Problem statement.
Once the line containing "- SACAI - Elasticated Suiting Shorts" is found in the entries below, reproduce it and every line after it, stopping at and including the line containing "Reer Rutsch-Schutz Klebeband 5m, Schwarz"; reproduce nothing else, and keep each line exact.

#### Extracted data ####

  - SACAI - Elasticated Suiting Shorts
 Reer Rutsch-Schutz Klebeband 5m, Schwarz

####
#### Extracted data ####

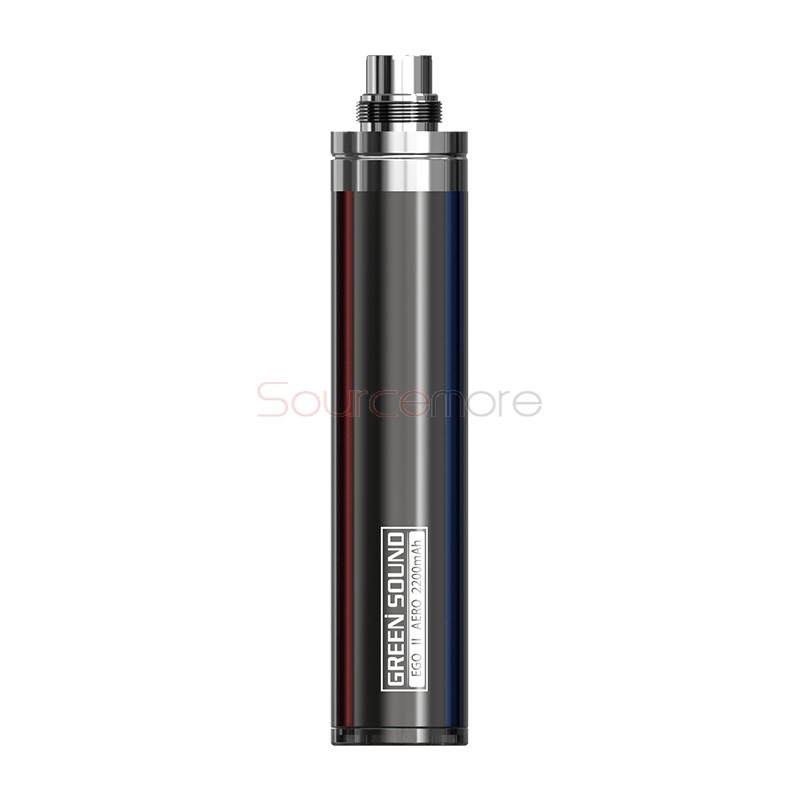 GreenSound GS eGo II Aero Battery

####

Task solution.
  - SACAI - Elasticated Suiting Shorts
 Reer Rutsch-Schutz Klebeband 5m, Schwarz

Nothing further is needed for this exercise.